One solution to this problem is a middleware known as GGPO. Developed by Evo founders (and my former employers at Shoryuken) Tom and Tony Cannon, the program utilises what is known as “rollback netcode” to provide a better online experience for fighting game players. Talking to Game Developer magazine back in 2012, Tony Cannon dove into the technical aspects of their programming, describing GGPO as “speculative execution” that “eliminates the perceived input delay for each local player”. By guessing what each player will do based on previous inputs, GGPO makes for a smoother experience.

“GGPO receives the remote inputs from the network and compares the predicted inputs to the actual ones,” he said. “If it finds a discrepancy, it rewinds the simulation back to the first incorrect frame, repredicts the inputs for each player based on the updated input stream, and advances the simulation to the current frame using the new prediction.”

(A more detailed explanation and history of GGPO can be found here.)

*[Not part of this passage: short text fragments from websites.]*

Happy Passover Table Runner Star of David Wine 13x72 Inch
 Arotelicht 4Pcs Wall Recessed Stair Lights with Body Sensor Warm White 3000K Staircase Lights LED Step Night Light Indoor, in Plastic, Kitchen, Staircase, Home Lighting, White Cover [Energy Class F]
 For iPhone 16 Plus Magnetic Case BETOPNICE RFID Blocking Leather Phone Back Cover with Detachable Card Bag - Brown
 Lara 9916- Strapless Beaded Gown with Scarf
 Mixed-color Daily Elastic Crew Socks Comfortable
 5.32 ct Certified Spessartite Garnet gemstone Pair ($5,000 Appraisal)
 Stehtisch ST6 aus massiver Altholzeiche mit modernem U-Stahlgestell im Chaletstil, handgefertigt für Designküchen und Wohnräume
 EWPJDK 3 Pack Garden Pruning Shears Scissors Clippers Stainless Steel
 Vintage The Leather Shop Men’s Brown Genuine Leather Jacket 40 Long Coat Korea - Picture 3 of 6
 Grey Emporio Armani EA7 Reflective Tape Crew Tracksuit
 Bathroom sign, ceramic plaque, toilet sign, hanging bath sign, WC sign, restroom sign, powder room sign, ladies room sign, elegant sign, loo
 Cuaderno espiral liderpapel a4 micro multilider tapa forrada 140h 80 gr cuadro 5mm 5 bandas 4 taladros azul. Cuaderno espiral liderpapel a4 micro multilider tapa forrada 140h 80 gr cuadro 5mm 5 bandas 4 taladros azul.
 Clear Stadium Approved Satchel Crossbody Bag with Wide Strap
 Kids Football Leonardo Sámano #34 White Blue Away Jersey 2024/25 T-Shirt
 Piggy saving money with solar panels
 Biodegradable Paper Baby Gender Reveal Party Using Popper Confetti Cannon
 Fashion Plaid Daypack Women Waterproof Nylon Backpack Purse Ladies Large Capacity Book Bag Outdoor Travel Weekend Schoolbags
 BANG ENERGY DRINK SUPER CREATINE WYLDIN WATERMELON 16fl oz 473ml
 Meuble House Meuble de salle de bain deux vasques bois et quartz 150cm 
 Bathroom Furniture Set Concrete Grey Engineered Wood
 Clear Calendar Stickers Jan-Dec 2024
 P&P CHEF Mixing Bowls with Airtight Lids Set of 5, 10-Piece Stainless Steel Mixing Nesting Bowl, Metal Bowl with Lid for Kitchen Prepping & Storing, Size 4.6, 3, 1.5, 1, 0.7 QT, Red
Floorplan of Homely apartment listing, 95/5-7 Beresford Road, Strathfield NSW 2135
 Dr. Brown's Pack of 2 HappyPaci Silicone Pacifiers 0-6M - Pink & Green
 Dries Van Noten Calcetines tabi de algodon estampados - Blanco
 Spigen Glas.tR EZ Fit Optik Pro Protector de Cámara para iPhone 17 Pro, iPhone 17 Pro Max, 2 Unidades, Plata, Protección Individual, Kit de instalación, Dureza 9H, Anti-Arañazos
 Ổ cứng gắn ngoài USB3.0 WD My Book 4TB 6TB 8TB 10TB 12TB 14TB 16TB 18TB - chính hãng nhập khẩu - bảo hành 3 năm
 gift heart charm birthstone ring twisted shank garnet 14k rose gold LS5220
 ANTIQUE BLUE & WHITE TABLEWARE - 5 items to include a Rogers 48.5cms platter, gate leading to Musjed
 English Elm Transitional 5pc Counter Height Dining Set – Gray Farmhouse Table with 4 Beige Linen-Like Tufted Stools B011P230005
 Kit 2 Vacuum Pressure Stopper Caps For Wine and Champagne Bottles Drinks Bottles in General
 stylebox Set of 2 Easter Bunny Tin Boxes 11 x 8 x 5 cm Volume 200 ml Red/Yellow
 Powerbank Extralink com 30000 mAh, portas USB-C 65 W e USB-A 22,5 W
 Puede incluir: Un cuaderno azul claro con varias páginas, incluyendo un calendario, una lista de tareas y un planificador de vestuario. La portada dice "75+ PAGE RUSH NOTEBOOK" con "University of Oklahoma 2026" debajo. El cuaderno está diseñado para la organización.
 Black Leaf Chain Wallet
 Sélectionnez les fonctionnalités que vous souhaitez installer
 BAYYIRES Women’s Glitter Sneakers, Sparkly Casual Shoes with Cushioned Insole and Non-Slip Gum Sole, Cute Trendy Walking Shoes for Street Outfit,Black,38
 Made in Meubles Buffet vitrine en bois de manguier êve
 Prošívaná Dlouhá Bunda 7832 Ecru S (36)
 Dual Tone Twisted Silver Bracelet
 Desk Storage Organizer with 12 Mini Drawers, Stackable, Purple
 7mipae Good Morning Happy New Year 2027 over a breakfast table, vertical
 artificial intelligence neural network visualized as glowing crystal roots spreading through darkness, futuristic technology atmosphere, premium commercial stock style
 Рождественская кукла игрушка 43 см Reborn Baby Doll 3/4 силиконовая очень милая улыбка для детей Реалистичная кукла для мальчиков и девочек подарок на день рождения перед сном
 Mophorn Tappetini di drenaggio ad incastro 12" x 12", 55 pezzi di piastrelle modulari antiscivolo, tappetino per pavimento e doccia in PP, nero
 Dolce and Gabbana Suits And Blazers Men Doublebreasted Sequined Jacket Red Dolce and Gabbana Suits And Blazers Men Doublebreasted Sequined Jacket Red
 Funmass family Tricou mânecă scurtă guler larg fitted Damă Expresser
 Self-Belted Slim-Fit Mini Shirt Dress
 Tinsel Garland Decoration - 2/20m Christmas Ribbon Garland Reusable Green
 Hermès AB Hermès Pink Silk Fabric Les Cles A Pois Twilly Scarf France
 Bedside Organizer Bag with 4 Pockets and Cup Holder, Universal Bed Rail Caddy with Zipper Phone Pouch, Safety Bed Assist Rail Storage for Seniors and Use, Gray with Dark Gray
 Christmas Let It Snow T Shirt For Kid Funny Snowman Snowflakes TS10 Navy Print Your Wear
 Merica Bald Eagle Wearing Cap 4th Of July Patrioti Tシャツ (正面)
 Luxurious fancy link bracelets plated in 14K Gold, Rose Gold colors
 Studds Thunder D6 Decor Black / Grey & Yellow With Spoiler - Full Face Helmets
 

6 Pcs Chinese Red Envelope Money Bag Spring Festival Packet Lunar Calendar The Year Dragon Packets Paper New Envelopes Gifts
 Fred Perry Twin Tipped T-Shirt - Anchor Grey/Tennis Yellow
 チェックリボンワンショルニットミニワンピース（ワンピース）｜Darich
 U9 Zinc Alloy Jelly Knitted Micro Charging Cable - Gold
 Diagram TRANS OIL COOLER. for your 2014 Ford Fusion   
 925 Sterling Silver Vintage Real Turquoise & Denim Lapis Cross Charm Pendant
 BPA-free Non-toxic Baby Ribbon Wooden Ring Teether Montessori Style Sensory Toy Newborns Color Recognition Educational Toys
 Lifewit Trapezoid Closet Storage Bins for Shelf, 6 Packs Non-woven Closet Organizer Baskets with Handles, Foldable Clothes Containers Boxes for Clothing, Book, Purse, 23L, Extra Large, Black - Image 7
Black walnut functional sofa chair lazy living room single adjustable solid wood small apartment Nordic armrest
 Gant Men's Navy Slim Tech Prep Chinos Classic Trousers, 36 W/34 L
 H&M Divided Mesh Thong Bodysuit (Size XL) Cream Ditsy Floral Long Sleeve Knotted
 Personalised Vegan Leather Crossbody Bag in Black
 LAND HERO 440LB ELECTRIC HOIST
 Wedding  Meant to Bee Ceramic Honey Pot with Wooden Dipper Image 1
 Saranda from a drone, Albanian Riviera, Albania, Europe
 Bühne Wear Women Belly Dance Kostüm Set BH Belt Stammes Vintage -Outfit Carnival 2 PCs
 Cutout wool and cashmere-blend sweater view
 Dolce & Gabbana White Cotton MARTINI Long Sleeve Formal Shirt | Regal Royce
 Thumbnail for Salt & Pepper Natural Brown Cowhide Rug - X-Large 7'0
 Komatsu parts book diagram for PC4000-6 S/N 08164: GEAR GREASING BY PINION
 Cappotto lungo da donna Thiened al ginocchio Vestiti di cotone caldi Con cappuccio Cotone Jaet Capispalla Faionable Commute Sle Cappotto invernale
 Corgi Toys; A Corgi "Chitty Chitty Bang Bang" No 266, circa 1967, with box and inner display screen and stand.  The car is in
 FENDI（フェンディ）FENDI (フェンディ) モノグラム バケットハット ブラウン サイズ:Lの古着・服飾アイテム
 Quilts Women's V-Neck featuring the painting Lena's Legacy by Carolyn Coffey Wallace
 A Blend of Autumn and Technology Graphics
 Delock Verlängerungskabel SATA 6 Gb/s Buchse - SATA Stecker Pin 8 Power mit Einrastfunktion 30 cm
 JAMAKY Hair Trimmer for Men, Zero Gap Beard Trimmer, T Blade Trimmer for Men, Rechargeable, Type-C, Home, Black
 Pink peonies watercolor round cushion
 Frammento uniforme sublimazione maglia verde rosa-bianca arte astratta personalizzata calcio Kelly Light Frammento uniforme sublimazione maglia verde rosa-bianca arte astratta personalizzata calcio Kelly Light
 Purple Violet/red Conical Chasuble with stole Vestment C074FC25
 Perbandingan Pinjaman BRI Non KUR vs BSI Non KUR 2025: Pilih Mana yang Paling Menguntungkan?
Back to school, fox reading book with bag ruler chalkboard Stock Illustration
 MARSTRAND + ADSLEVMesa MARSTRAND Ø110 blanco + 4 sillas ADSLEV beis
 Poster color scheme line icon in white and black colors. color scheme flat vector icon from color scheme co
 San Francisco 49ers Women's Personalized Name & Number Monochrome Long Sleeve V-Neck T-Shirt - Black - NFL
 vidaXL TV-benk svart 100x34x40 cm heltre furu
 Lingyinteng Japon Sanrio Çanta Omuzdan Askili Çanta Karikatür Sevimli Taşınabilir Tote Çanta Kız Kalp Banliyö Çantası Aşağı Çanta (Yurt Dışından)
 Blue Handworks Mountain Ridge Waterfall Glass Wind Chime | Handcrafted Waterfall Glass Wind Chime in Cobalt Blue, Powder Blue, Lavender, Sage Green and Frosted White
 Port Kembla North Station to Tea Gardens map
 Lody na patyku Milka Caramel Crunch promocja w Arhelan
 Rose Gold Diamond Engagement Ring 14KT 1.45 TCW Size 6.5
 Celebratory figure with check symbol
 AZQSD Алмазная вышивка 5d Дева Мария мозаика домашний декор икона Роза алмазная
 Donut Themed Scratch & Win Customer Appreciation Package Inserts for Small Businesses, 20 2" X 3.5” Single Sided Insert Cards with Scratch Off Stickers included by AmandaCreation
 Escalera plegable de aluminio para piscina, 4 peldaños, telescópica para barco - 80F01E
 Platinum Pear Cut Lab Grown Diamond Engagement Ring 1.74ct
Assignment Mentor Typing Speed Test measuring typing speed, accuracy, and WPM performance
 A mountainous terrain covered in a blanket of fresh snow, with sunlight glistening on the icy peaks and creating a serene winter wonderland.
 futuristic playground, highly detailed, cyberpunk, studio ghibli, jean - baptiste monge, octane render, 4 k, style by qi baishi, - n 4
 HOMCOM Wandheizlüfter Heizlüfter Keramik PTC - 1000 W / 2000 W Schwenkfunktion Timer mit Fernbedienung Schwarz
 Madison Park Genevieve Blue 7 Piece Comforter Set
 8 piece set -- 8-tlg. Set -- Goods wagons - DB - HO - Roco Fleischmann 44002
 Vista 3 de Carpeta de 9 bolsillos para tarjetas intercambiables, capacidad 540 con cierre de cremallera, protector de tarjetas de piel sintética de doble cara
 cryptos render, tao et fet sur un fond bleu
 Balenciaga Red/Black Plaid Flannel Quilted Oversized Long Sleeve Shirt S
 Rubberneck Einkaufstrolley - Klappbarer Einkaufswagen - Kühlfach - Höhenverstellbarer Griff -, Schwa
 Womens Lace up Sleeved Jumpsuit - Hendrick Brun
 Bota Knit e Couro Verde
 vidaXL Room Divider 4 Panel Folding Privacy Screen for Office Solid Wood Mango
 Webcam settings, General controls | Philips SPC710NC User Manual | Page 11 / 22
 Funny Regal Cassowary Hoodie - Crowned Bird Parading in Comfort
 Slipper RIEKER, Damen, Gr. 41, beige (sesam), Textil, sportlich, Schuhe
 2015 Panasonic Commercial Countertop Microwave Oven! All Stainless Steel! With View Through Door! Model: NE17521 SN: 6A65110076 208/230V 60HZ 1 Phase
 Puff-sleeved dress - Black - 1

While it can be a simple annoyance in other genres, lag absolutely kills online play for fighting games, which require tight execution to perform the most important techniques. Skullgirls, Killer Instinct, Injustice 2 and the Cannons’ own Rising Thunder are just a few of the releases that have utilised GGPO or similar rollback netcodes, and they benefit greatly from this relationship.

The team at Arc System Works, however, is still hesitant. Chief creative office and Guilty Gear producer Daisuke Ishiwatari went as far as to say they’re “tired of hearing about GGPO” from the community, and Mori explained that BlazBlue: Cross Tag Battle will continue to use Arc System Works’ own proprietary software.

“We do have the American and European audiences in mind,” Mori added. “Latency is a problem we’re working hard to solve. We’re using our in-house technology, but we’d like to take some of the good stuff from GGPO and create a combination out of that.” It’s much more likely that Japanese players are dominating his game because of technical issues and more exposure to the game than some magical property that makes them more skilled with the controls. But it’s much easier for developers to change one than the other.